GUS: W 2023 roku liczba urodzeń w Polsce wyniosła 272 tysiące. „Najmniej od 1945 roku!”

Jak podał Główny Urząd Statystyczny, liczba ludności Polski na koniec 2023 roku spadła o 131 tysięcy rok do roku do 37 milionów 635 tysięcy osób. W 2023 roku liczba urodzeń w Polsce wyniosła 272 tys., co oznacza spadek o 33 tys. (11 proc.) względem roku poprzedniego. Tylko w grudniu 2023 roku urodziło się o 33 tysiące mniej dzieci niż rok wcześniej.
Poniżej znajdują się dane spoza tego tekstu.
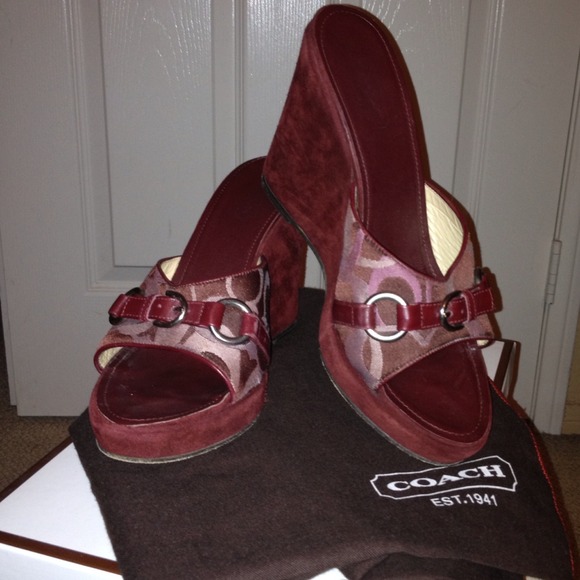Coach Wedge Heels - Picture 3 of 4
Główny Urząd Statystyczny udostępnił najnowsze szacunki liczby urodzeń i zgonów w 2023 roku.  W 2023 roku liczba urodzeń w Polsce wyniosła 272 tys.  Na świat przyszło 272 tys. dzieci, co oznacza spadek o 33 tys. (11 proc.) względem roku poprzedniego. Wówczas na świat przyszło 409 tys. dzieci, co było spadkiem względem roku poprzedniego o 39 tys.
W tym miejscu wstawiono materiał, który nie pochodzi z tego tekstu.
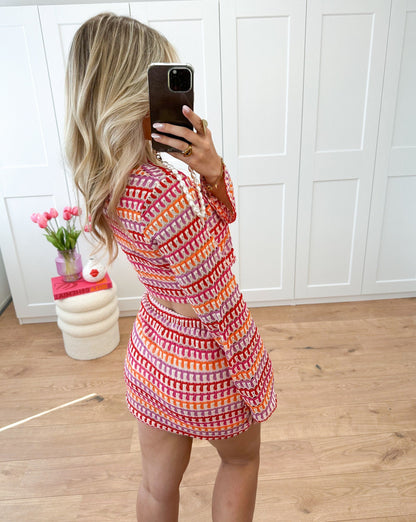Jolie | Retro gebreide tweedelige set met cropped trui met lange mouwen en high-waisted minirok in kleurrijk patroon Modehuis-Nederland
„Była to najniższa liczba odnotowana w całym okresie powojennym”- mówił szef GUS podczas konferencji. „Polska populacja nadal się zmniejsza i starzeje” – podkreśl Oskar Sobolewski, ekspert ds. emerytalnych.

Sytuację demograficzną w Polsce przedstawił podczas konferencji „Polska populacja nadal się zmniejsza i starzeje” prezes GUS Dominik Rozkrut. – W ostatniej dekadzie sytuacja nie jest napawająca optymizmem. Szacujemy, że liczba ludności Polski w 2023 roku zmniejszyła się o 131 tys. osób. Na koniec roku wyniosła 37,6 mln – mówił Rozkrut cytowany przez portal money.pl

Ubytek liczby ludności obserwujemy nieprzerwanie od ponad dekady. W 2023 roku był on mniejszy niż w dwóch poprzednich latach, ale nadal dużo większy niż przed pandemią. Według naszych szacunków na każde 10 tys. ubyło 35 osób. Dla porównania w roku 2019, czyli ostatnim przed pandemią, na 10 tys. ludności ubyło 7 osób – wyliczał szef GUS.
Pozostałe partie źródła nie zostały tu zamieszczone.